Determination of the Directional Cosines \(\boldsymbol{{A}}^{e}\) of DFE e

The directional cosines \(\boldsymbol{{A}}^{e}\) are only required for mapping 2D and 1D DFE’s in the ℜ ³ space. Suppose the 3D continuum domain Ω with its boundary Γ is completely filled by 3D finite elements (e.g., hexahedral or pentahedral isoparametric elements), the 1D and 2D DFE’s share the nodal points of the 3D mesh and their geometric extents are aligned to surfaces, edges or diagonals of the 3D porous-medium elements (Fig. 14.4).

Fig. 14.4

Exemplified mapping of 2D and 1D DFE’s aligned to surfaces, edges and diagonals, respectively, for a 3D finite porous-medium element. Global and local coordinates

For 2D DFE’s forming surfaces of the 3D porous-medium element it is convenient to derive the directional cosines directly from the shape of the 3D element. We can construct the two directional vectors \(\boldsymbol{u}_{1}\) and \(\boldsymbol{u}_{2}\) (Fig. 14.4), which are parallel to the local ξ− and η−axes, respectively.

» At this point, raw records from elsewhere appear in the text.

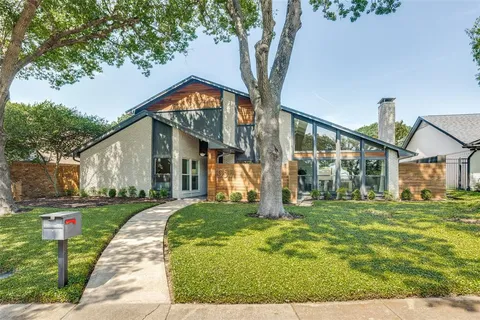 $675,000 | 9517 Fallbrook Drive, Dallas, TX 75243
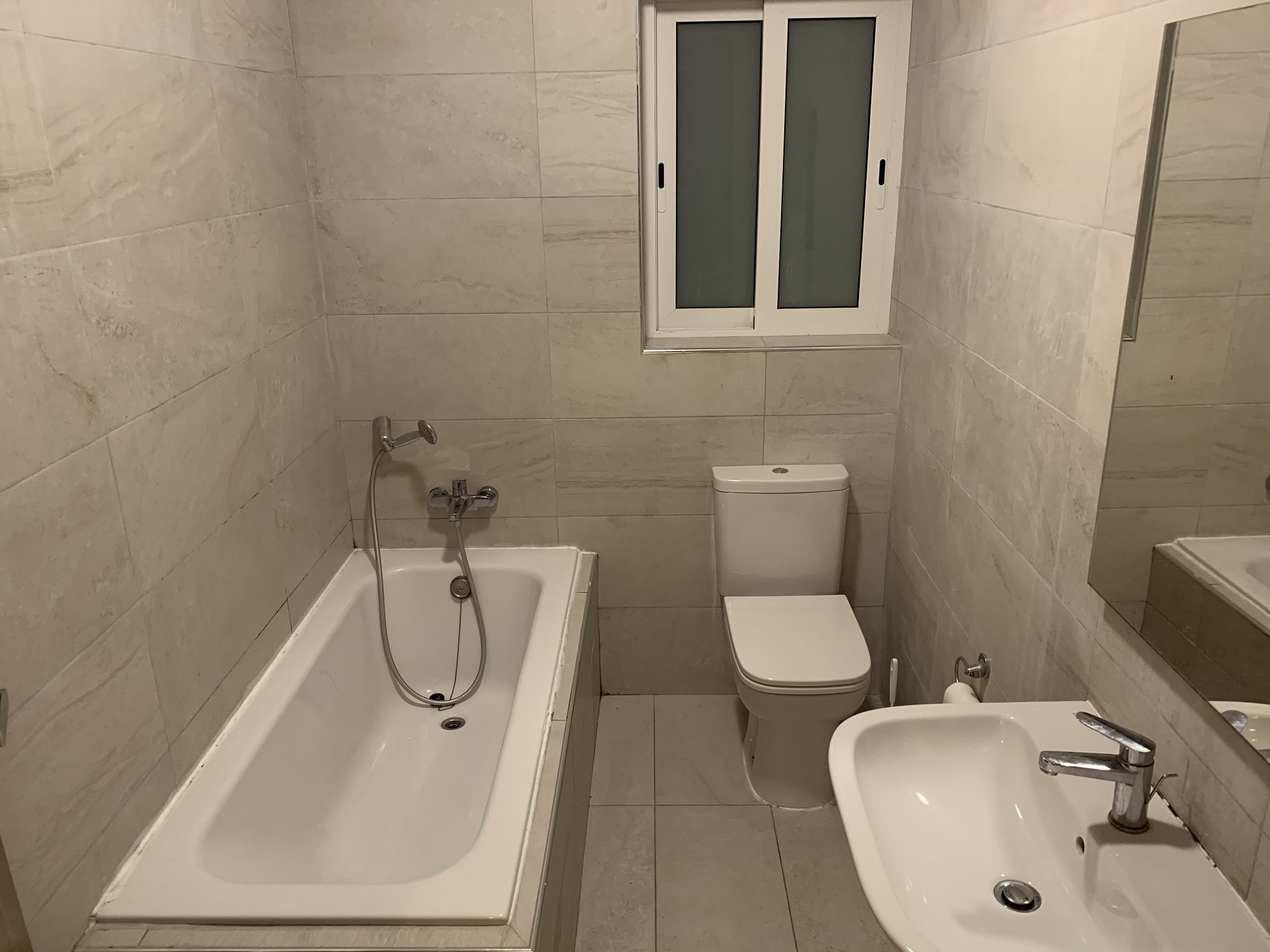 Bathroom with tub at the BELS Residence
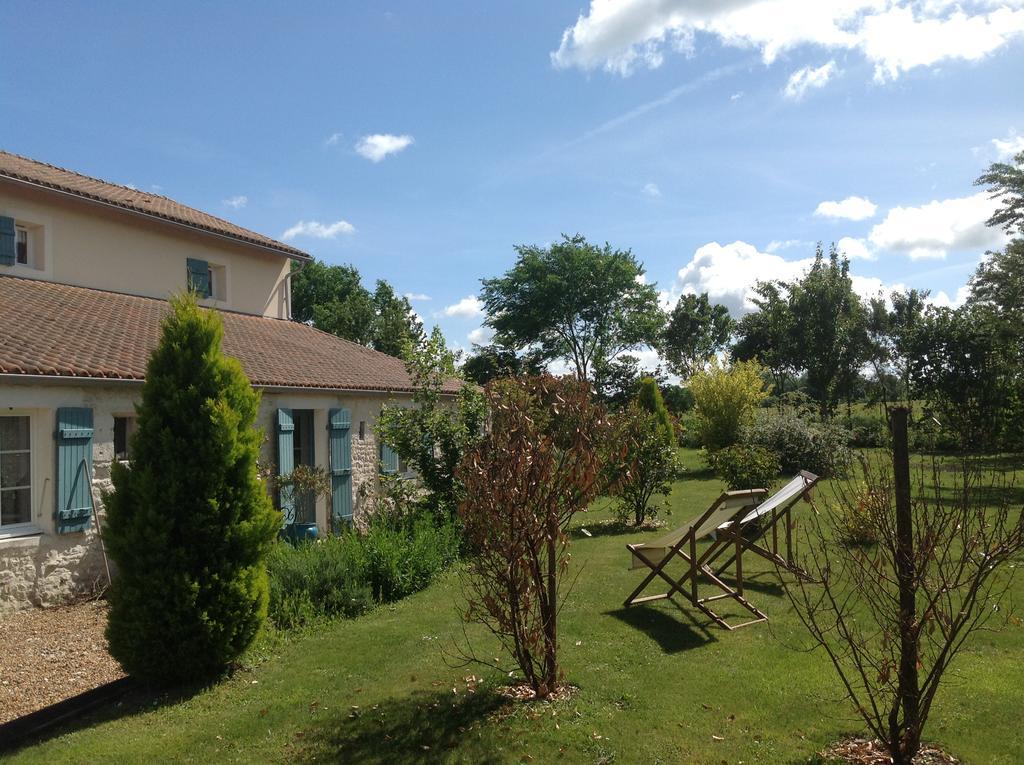Bed and Breakfast La Chaumeauniere Aigrefeuille-dʼAunis Exterior foto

They can be found by the following shape-derived relationships

$$\displaystyle{ \boldsymbol{u}_{1} = \left \{\begin{array}{rclll} \left (\begin{array}{c} \frac{\partial x} {\partial \xi } \\ \frac{\partial y} {\partial \xi } \\ \frac{\partial z} {\partial \xi } \end{array} \right )& =&{\left (\begin{array}{c} J_{11} \\ J_{12} \\ J_{13} \end{array} \right )}^{e}&\quad \mbox{ at}&\quad \zeta = \pm 1 \\ \left (\begin{array}{c} \frac{\partial x} {\partial \eta } \\ \frac{\partial y} {\partial \eta } \\ \frac{\partial z} {\partial \eta } \end{array} \right )& =&{\left (\begin{array}{c} J_{21} \\ J_{22} \\ J_{23} \end{array} \right )}^{e}&\quad \mbox{ at}&\quad \xi = \pm 1 \\ \left (\begin{array}{c} \frac{\partial x} {\partial \zeta } \\ \frac{\partial y} {\partial \zeta } \\ \frac{\partial z} {\partial \zeta } \end{array} \right )& =&{\left (\begin{array}{c} J_{31} \\ J_{32} \\ J_{33} \end{array} \right )}^{e}&\quad \mbox{ at}&\quad \eta = \pm 1 \end{array} \right. }$$

(14.14)

$$\displaystyle{ \boldsymbol{u}_{2} = \left \{\begin{array}{rclll} \left (\begin{array}{c} \frac{\partial x} {\partial \eta } \\ \frac{\partial y} {\partial \eta } \\ \frac{\partial z} {\partial \eta } \end{array} \right )& =&{\left (\begin{array}{c} J_{21} \\ J_{22} \\ J_{23} \end{array} \right )}^{e}&\quad \mbox{ at}&\quad \zeta = \pm 1 \\ \left (\begin{array}{c} \frac{\partial x} {\partial \zeta } \\ \frac{\partial y} {\partial \zeta } \\ \frac{\partial z} {\partial \zeta } \end{array} \right )& =&{\left (\begin{array}{c} J_{31} \\ J_{32} \\ J_{33} \end{array} \right )}^{e}&\quad \mbox{ at}&\quad \xi = \pm 1 \\ \left (\begin{array}{c} \frac{\partial x} {\partial \xi } \\ \frac{\partial y} {\partial \xi } \\ \frac{\partial z} {\partial \xi } \end{array} \right )& =&{\left (\begin{array}{c} J_{11} \\ J_{12} \\ J_{13} \end{array} \right )}^{e}&\quad \mbox{ at}&\quad \eta = \pm 1 \end{array} \right. }$$

(14.15)

These directional vectors can be easily used to compute the directional cosines according to

$$\displaystyle{ A_{ij}^{e} =\cos (\boldsymbol{u}_{ i},\boldsymbol{e}_{j}) = \frac{\boldsymbol{u}_{i} \cdot \boldsymbol{ e}_{j}} {\Vert \boldsymbol{u}_{i}\Vert \underbrace{\mathop{ \Vert \boldsymbol{e}_{j}\Vert }}\limits _{=1}}\quad \mbox{ for}\quad \begin{array}{c}\begin{array}{rcl} i& =&1,2\\ j & = &1, 2,3 \end{array} \end{array} }$$

(14.16)

with the base vectors (2.5):

$$\displaystyle{ \boldsymbol{e}_{1} = \left (\begin{array}{c} 1\\ 0 \\ 0 \end{array} \right )\quad \boldsymbol{e}_{2} = \left (\begin{array}{c} 0\\ 1 \\ 0 \end{array} \right )\quad \boldsymbol{e}_{3} = \left (\begin{array}{c} 0\\ 0 \\ 1 \end{array} \right ) }$$

(14.17)

Note that for 2D DFE’s we need only two directional vectors (i = 1, 2), the remaining directional cosines A _3j ^e are meaningless.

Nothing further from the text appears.